Les avocats sont des auxiliaires de justice qui ne sont pas au-dessus des lois. Dernier exemple en date : l’un des plus célèbres pénalistes parisiens, Me Philippe Dehapiot, a été reconnu coupable, le 2 avril, de fraude fiscale par la XIe chambre du tribunal judiciaire de Paris, a appris Mediapart.
Réputé être l’un des meilleurs spécialistes de la procédure pénale, Me Dehapiot a été condamné à trois ans de prison, dont dix mois avec sursis, 200 000 euros d'amendes, le port du bracelet électronique pour la période ferme de sa peine et l’interdiction d’exercer la profession d’avocat pendant trois ans. La peine est, selon les termes du jugement, « exécutoire », ce qui signifie à effet immédiat au regard de la gravité des faits mis au jour.

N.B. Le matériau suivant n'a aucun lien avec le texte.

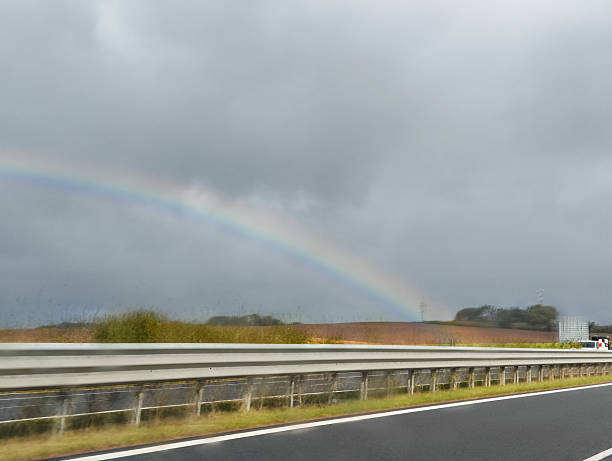 Autumn landscape features a vibrant rainbow over a highway, surrounded by dark clouds and fields, creating a striking visual contrast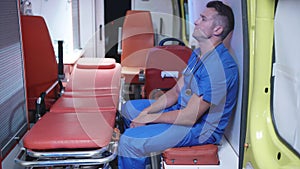 Unhappy corpsman sit in ambulance car at night.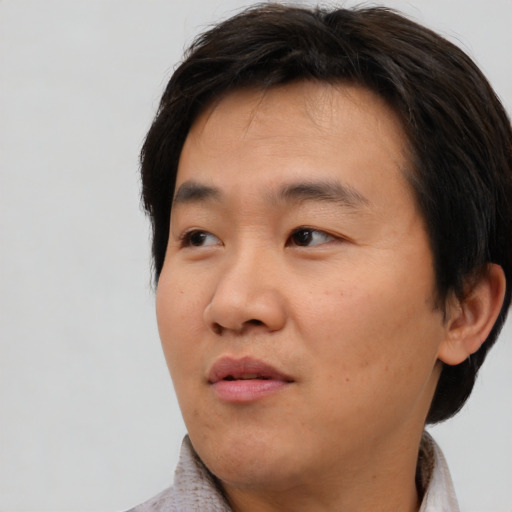 Neutral asian young-adult male with short  brown hair and brown eyes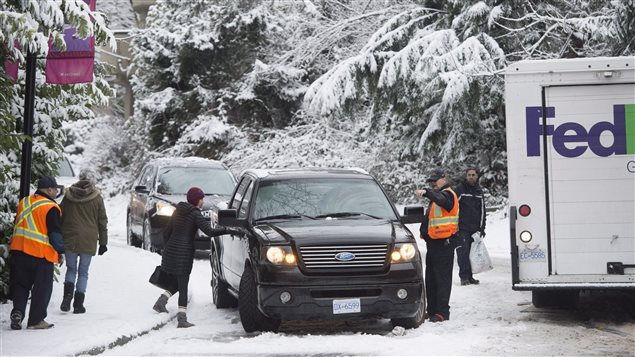 Vehicles got stuck on a small snow-covered hill in North Vancouver on Feb. 3, 2017.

« M. Dehapiot n’a jamais respecté, durant toute sa vie professionnelle d’avocat, les obligations fiscales imposées par la loi à l’ensemble des citoyens, alors même qu’il était tenu d’obligations particulières de probité. Cette interdiction [d’exercer – ndlr] est indispensable pour éviter la récidive et la poursuite d’une activité exercée dans des conditions déloyales à l’égard des autres membres de la profession », peut-on lire dans le jugement.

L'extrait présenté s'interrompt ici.